PerfCompare

PerfCompare is an improved performance comparison tool that replaced Perfherder’s Compare View. It allows comparisons of up to three new revisions/patches versus the base revision of a repository (mozilla-central, autoland, etc). Up to three new revisions compared to the base repository’s history over time can be selected. The two comparison workflows lead to results indicating whether patches have caused an improvement or regression. The following documentation captures the app’s features and workflows in more detail.

Where can I find PerfCompare?

Aside from the perf.compare website, it is accessible on Perfherder’s header under the “Compare” menu option.

The source code can be viewed in this GitHub repository.

Home / Search Page 

Landing on PerfCompare, two search comparison workflows are available: Compare with a base or Compare over time.

Compare with a base 

PerfCompare allows up to three new revisions to compare against a base revision. The specific testing framework or harness can also be selected.

Compare over time 

It’s also possible to select up to three revisions to compare against a base repository’s history over a specified period.

Results Page 

After pressing the Compare button, the Results Page displays the information of the selected revisions and the results table.

Edit the compared revisions 

The compared revisions can be edited, and a new comparison can be computed for an updated results table without having to return to the home page. Clicking the Edit entry button will open the edit view.

In the edit view, it’s possible to search for revisions or delete selected revisions. The option to cancel and return to the previous selections is available. Otherwise, once satisfied with the changes, clicking Compare will update the data in the results table.

PerfCompare Results Page Compare with a Base Edit Entry View

Like Compare with a base, clicking Edit Entry will open the edit view to change selections for the base repository, time range or to delete or search for new selected revisions.

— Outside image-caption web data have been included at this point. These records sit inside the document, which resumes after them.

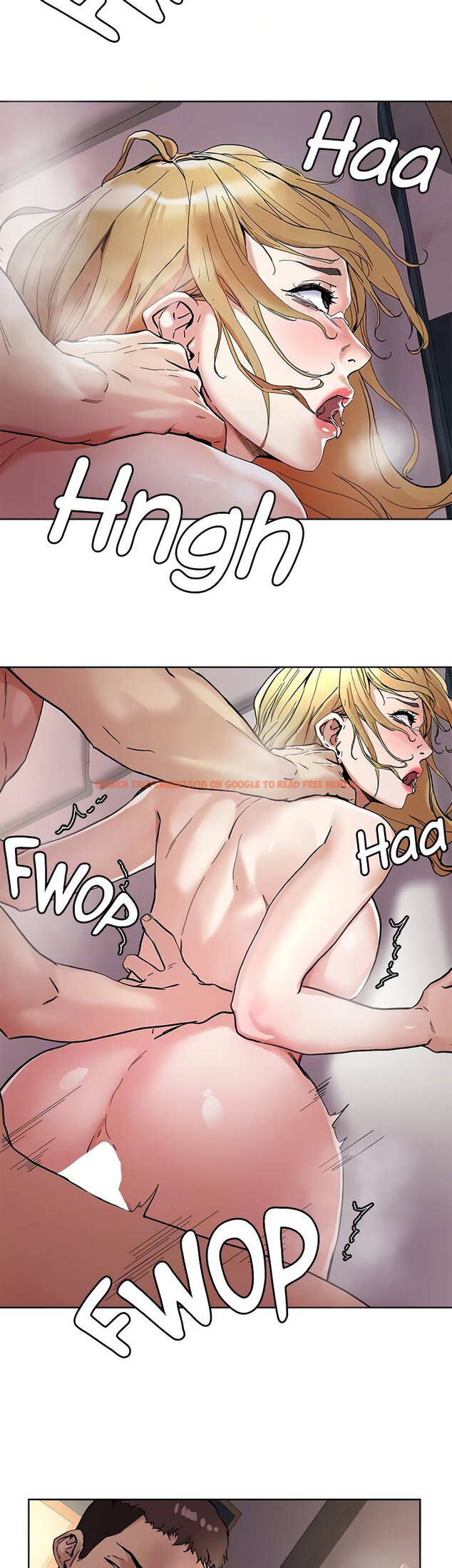 Read Hentai Image 20 704 in comic King Of The Night - Chapter 46 - www.hentaitnt.net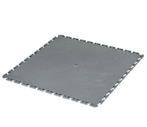 vloerplaten, Ophalen of Verzenden, Zo goed als nieuw, Overige materialen, Minder dan 20 mm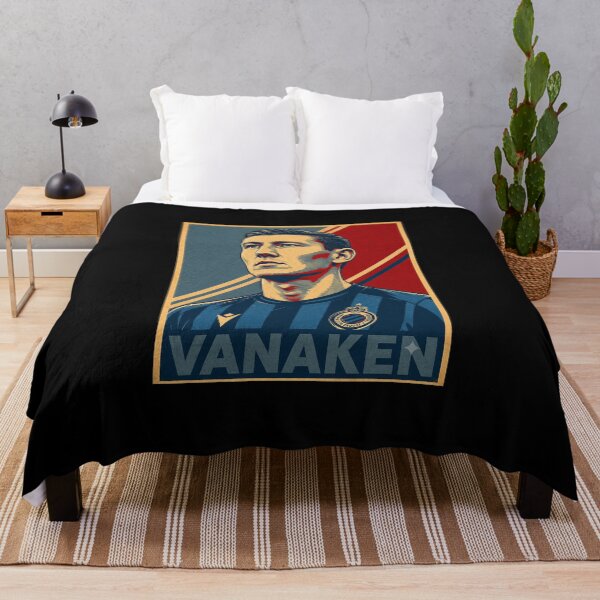 Item preview, Hans Vanaken Sports Poster Illustration Hope art designed and sold by delacerdaan.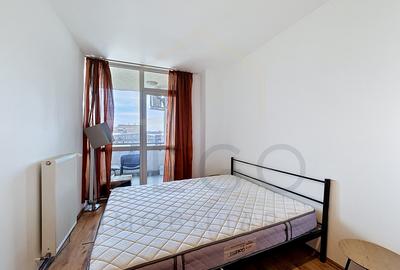 Apartament cu 2 camere, 50 mp, garaj, zona centrala - Dorobantilor - 6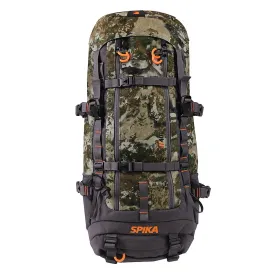 Sac à dos Spika Drover Hauler Biarri 40 L Drover 40L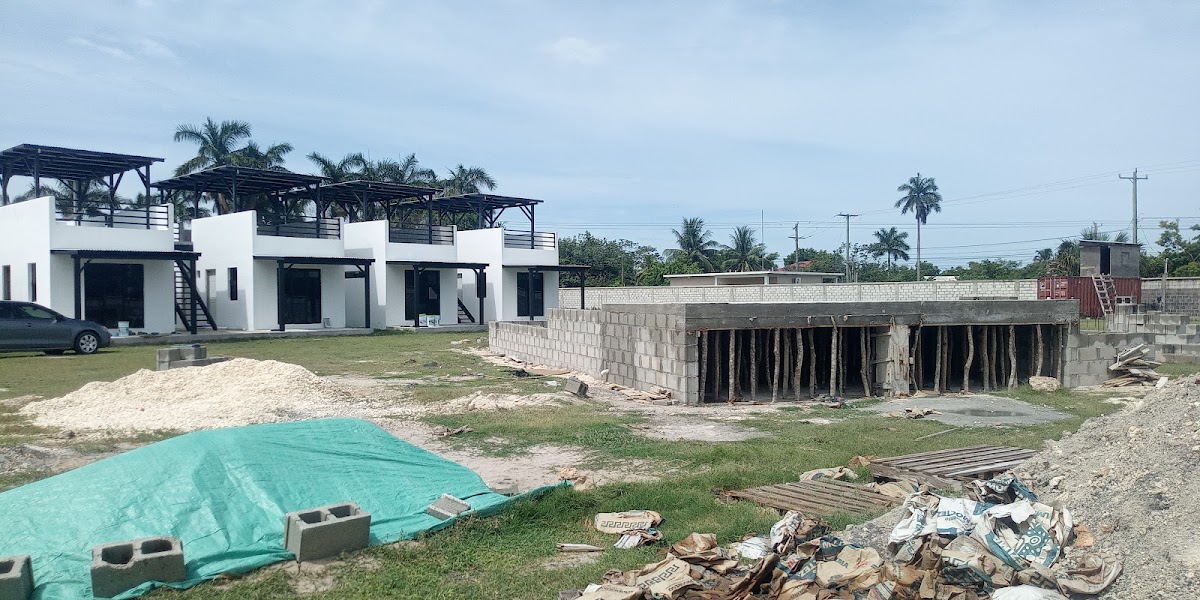 Art of Living Residences by the green gallery 9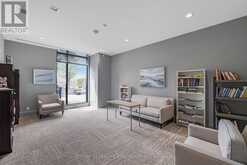 124 - 555 WILLIAM GRAHAM DRIVE Aurora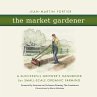 The Market Gardener - Bild 1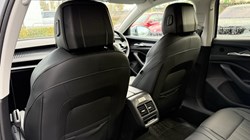 2024 (74) SKODA SUPERB 1.5 TSI iV SE L DSG 5dr 4803925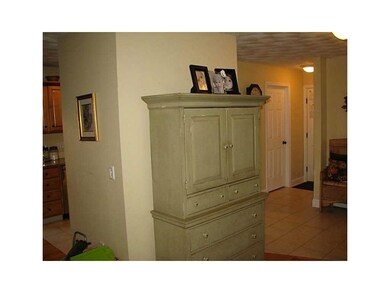 100 Forest Ave, Cranston, RI 02910 - photo 7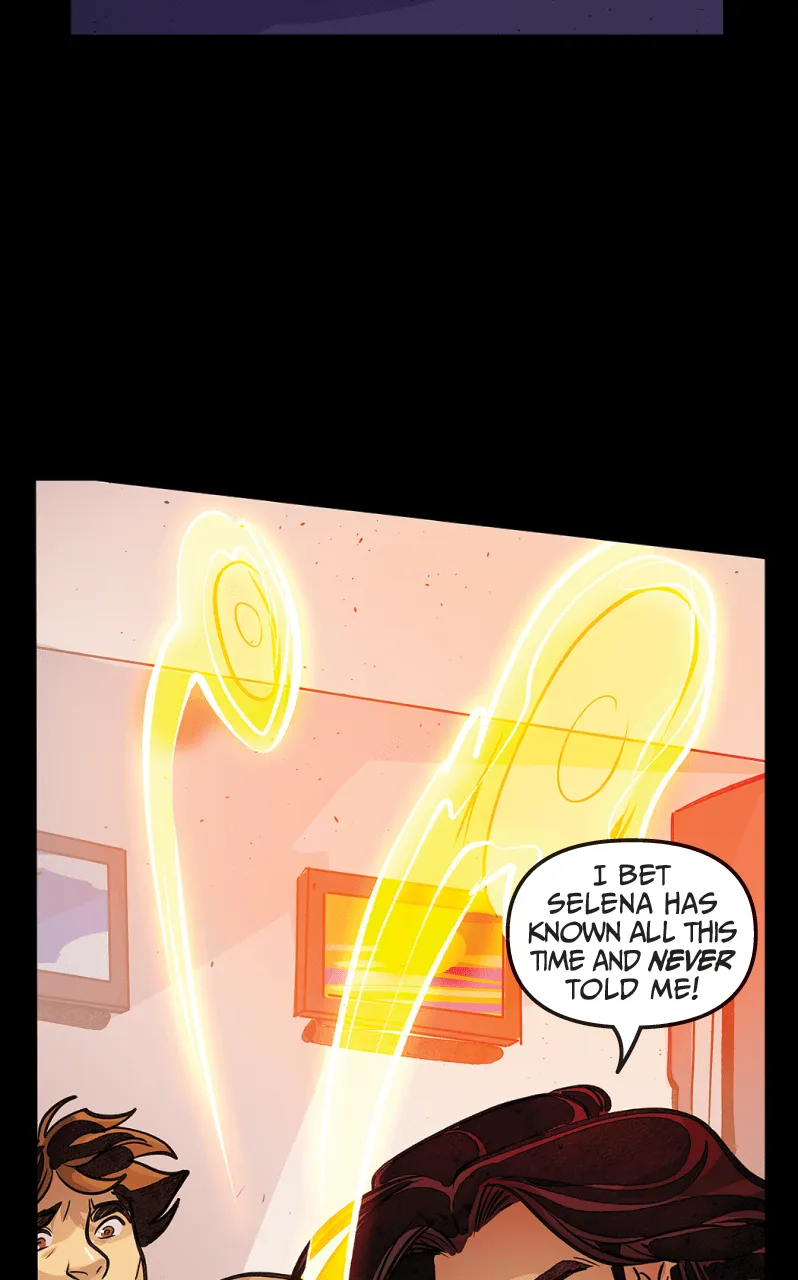 Read Firebrand chapter 43 image 79 on Lezhin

PerfCompare Results Page Compare over Time Edit Entry View

Results Table 

Edit title 

Clicking the Edit title icon allows changing the title of the results table.

Mann-Whitney-U Columns 

PerfCompare Mann-Whitney-U Results Table

Platform 

Clicking on the Platform column title allows filtering the results according to the preferred platform.

Status 

The results are filterable by status. An improvement or regression being shown here means that the effect size is meaningful.

Cliff’s Delta 

Cliff’s Delta measures the magnitude of the difference between the Base and New values by providing a standardized, unitless metric. For example, in the image below, the Cliff’s Delta is -0.79. This means it is a large effect (anything beyond ±0.47 is considered a large difference). The negative value means a New value is consistently larger than a Base value.

Cliff’s delta:
< 0.15 →   Negligible difference
< 0.33 →   Small
< 0.47 →   Moderate
≥ 0.47 →   Large difference

PerfCompare Mann-Whitney-U Results Table with Cliff's Delta Column

Significance 

Significance of the comparison as determined by a Mann Whitney U test. A significant comparison has a p-value of less than 0.05.

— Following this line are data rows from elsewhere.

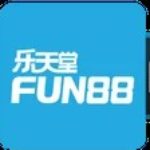 Profile photo of Fun88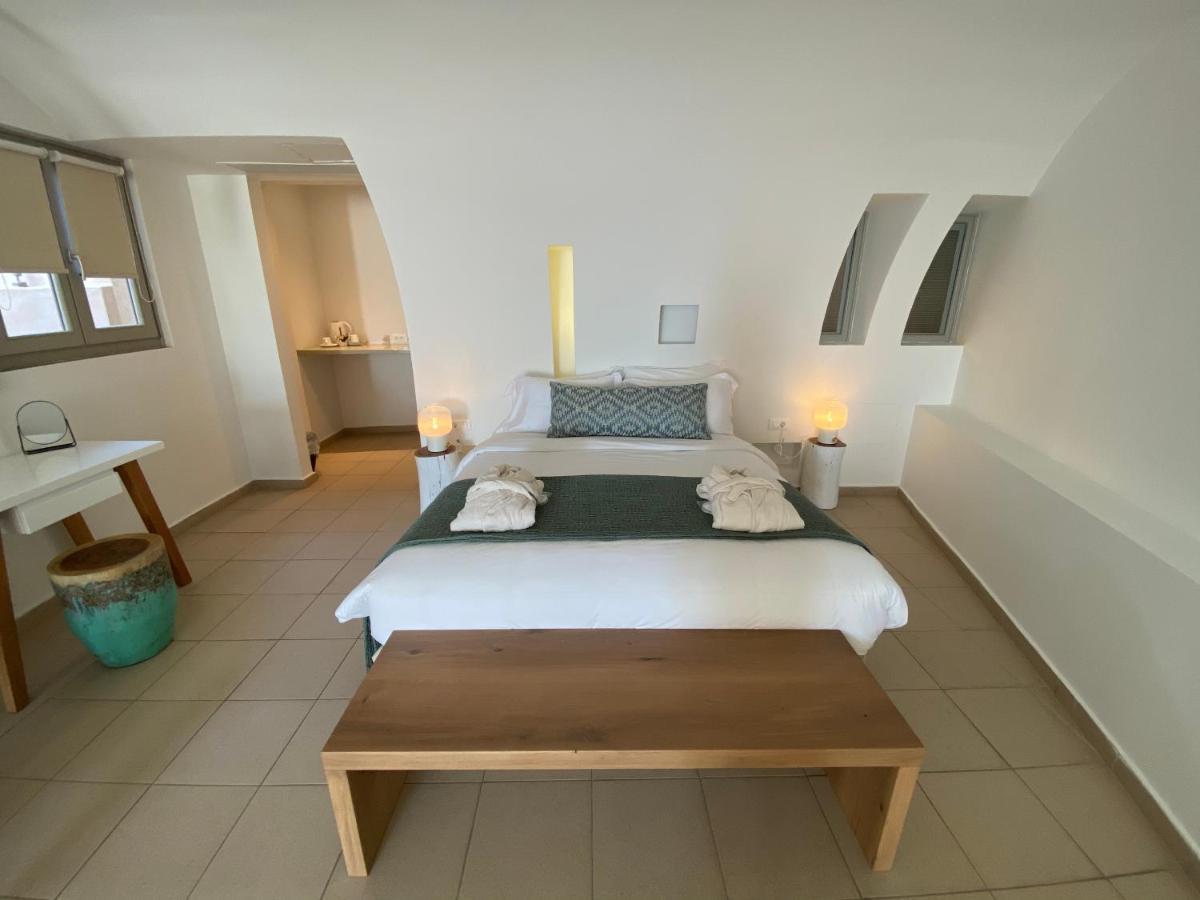 Panorama Boutique Hotel 4*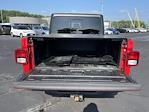 2020 Jeep Gladiator Crew Cab 4WD Pickup for sale #2002160 - photo 5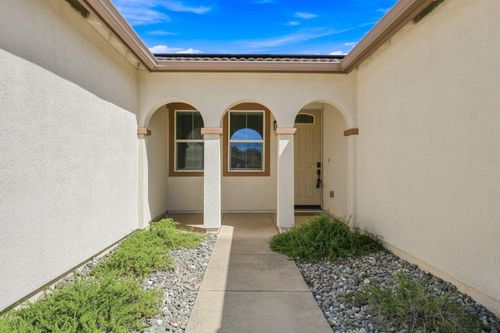 3849 Palm Springs Dr, Redding, CA, 96002-9630 | Card Image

Common Language Effect Size (CLES)

The Common Language Effect Size (CLES) is a standardized measure that quantifies the magnitude of the difference between two groups, unlike a p-value which only determines if an effect is statistically significant. While a statistically significant difference can be practically irrelevant, the effect size provides a clearer indication of how large or meaningful the change is. This unitless metric helps developers differentiate between an effect that is non-existent, small, or substantial, informing decisions on which performance changes to validate further. If the effect size is close to 50%, the distributions are probably identical, if not, they probably differ. In the example below, the effect size is 11% which means there’s a lot of variability within the Base and New values.